Wherein: r_Acid(s)The concentration of the organic acid obtained by ion chromatography test is unit mg/L; v_{Water (W)}Adding water in unit mL for step 2; m is_Acid(s)Is the average molar mass of the organic acid, in g/mol, as a weighted average of the molecular weights of the organic acid; m is_{Sample (A)}The sample amount of the hydrocarbon source rock in the step 2 is unit g; TOC_{Sample (A)}Is the total organic carbon content in the source rock sample in step 2, expressed as%.

Step 4, calculating the theoretical erosion pore-increasing amount

Easily-erodible minerals such as feldspar and calcite are eroded under the action of acidic substances to generate new minerals. The theoretical erosion pore-increasing quantity is related to the actual acid production capacity of the hydrocarbon source rock, the source-storage combination proportion, the system openness degree, the type of the erosion minerals and the like, and the specific calculation formula is as follows:

In the formula phi_IncreaseIn units% for the theoretical erosion pore-increasing amount; q_Acid(s)The organic carbon acid generating capacity of the hydrocarbon source rock unit obtained by calculation in the step 3 is unit mol/g.toc; TOC_RTo actually accomplishTOC content in the source rock in the acid production process, unit%; k_TOCThe TOC recovery coefficient is the ratio of the initial TOC of the low-maturity source rock to the TOC after the acid evolution is finished, and can be obtained by calculation according to actual test data or according to a corresponding empirical formula/chart; rho_{Hydrocarbon source rock}The density of the hydrocarbon source rock is unit g/mL; k_{Source reservoir}Is the ratio of the thickness of the source rock and the reservoir in the geological erosion system; e_{Acid discharge}The acid discharge efficiency of the hydrocarbon source rock is expressed in percent, and the meaning is the proportion of organic acid generated by the hydrocarbon source rock discharged outwards, and can be determined according to the compaction degree of the hydrocarbon source rock; c_{Degree of openness}The degree of openness of the corrosion system is expressed in% and indicates the degree of outward discharge of corrosion products after the reaction of the acid with the mineral.
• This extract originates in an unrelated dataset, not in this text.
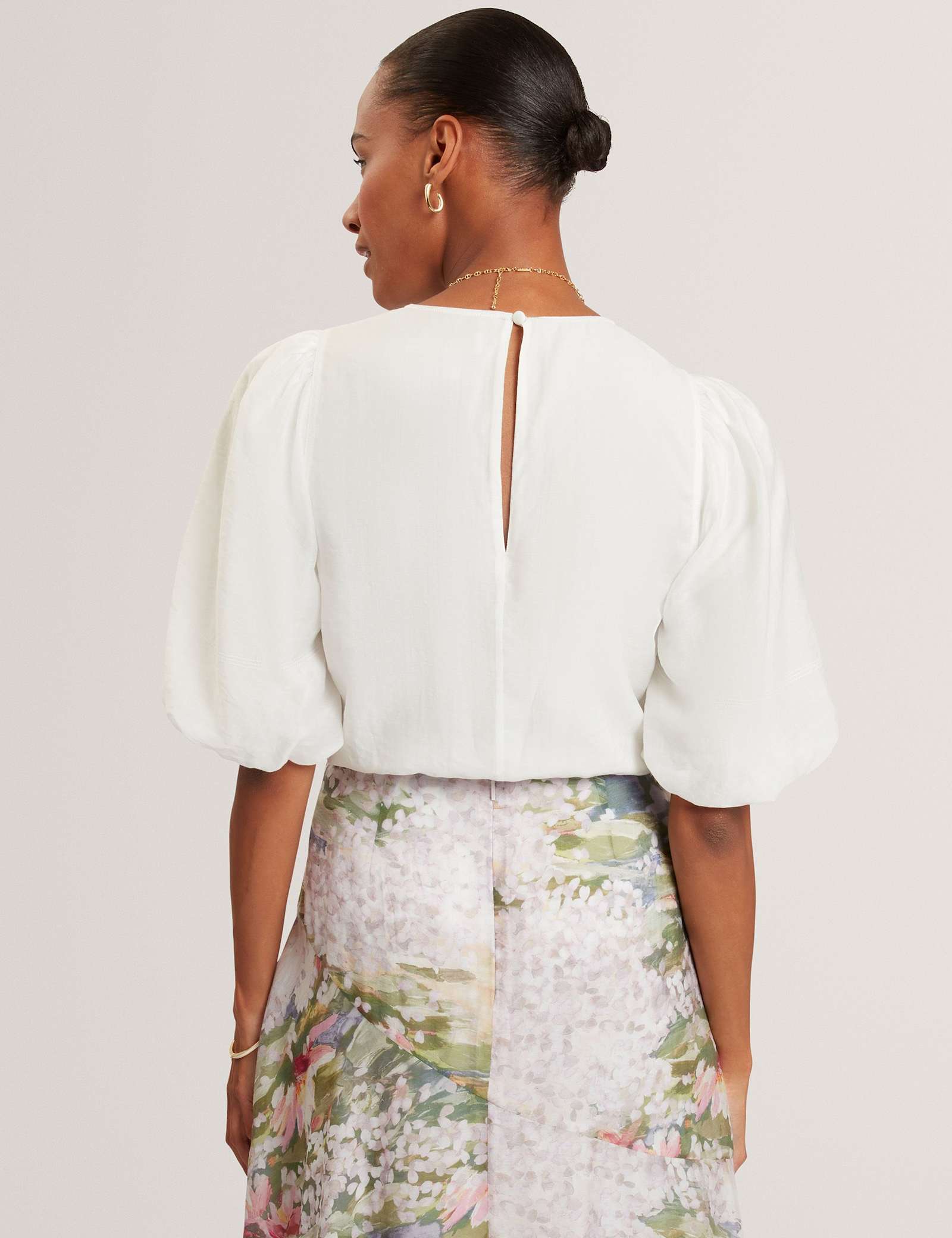 Lyocell Rich Puff Sleeve Top - image 5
V_{Opening device}Is the pore-increasing capacity of unit acid after completely corroding a mineral in an open system, and the unit is cm³The mol can be calculated according to the chemical formula of mineral corrosion reaction; v_{Closing device}Is the unit cm of acid which can erode a mineral under a closed system and has the capacity of increasing pores under the retention of other products³And/mol can be calculated according to the chemical formula of the mineral corrosion reaction.
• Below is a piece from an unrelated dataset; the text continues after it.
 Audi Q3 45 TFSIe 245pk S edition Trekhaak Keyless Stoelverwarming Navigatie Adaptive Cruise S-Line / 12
Step 5, changing experimental parameters to obtain erosion pore-increasing amount under different conditions, and generating corresponding evaluation chart

The erosion and pore-increasing capacity of a specific area is controlled by the relationship between the maturity Ro of the source rock and the source-storage proportion K due to the change of geological conditions_{Source reservoir}Hydrocarbon source rock acid discharge efficiency E_{Acid discharge}And the degree of openness C of the corrosion system_{Degree of openness}And the like. The change of the corresponding parameters can lead to the increase of the hole diameter phi_IncreaseA change in (c). Therefore, according to the actual exploration requirement, the size of the related parameters in the step 5 can be changed to obtain the hole increment phi under different conditions_Increase. And drawing a corresponding evaluation chart in a coordinate system.

Specifically, the present invention is described in detail by the following examples.

Example 1

Extensive development of compact oil by the Erdos basin extended group is the main layer of compact oil exploration in China. The source rocks are mainly distributed in 7 long sections, and the organic matter type of the source rocks is II₁Type, store upThe catchment is in wide contact with the long 7 sections and is closely adjacent to the long 7 sections.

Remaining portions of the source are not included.